However, comparing the results of the behavioural variables, some clear differences between the clusters can be established. Cluster 1, the “competitor seekers”, uses, compared to the other clusters, many competitor touch points. The average share of competitor touch points in cluster 1 is 0,7229, while cluster 2, 3 and 4 have, respectively, a share of only 0,24244, 0,10031 and 0,19116. Cluster 1 also has journeys that consist of solely competitor touch points, which does not occur in the other clusters. Cluster 2, the “purchase peeps”, is the only cluster for which a majority, 54,2% of the customers, has actually made a purchase. Also, the average number of journeys per customer is much higher than in the other clusters. The customers in cluster 2 have on average 5,8 different journeys, while the customers of other clusters have on average only 2,5 journeys (cluster 1), 2 journeys (cluster 3) or 3,5 journeys (cluster 4). Cluster 3, the “explorers”, uses the most neutral touch points and the least competitor touch points in the journeys compared to the other clusters. In cluster 4, the “modern mobile (wo)men”, almost all customers (average share of 0,9496) use a mobile device in the customer journey, by which they distinguish themselves from the other clusters.

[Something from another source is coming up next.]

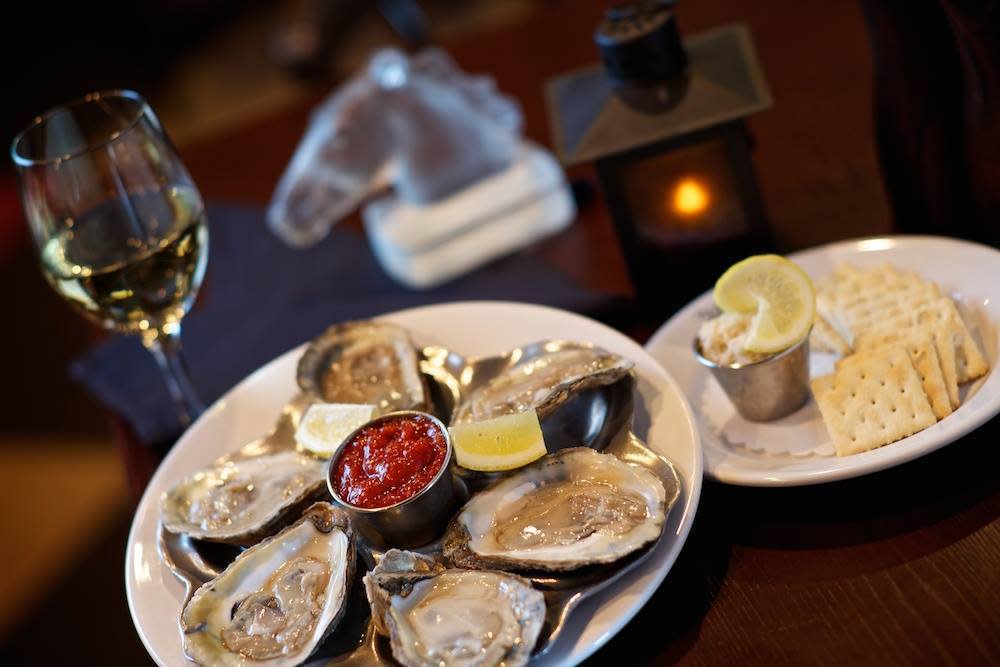 Image is of a plate of oysters, a plate of crackers and a glass of white wine.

In cluster 1, 2 and 3 a mobile device is hardly used in the journey, shown by the extremely low average share of mobile device, which are respectively for cluster 1, 2 and 3, 0,06188, 0,03764 and 0,00718. All clusters have a remarkably high average for the share of CICs, however this can be explained due to the fact that the ratio of CICs to FICs measured in this dataset is 2.413.345 CICs (98,2%) to only 43.069 FICs (1,8%).

4.4 Logistic regression

Before running the logistic regression, for each cluster the data is split into a training set and a test set. The training set, which consists of 75% of the data is used to train the model and the remaining 25%, the test set, is used to test the model.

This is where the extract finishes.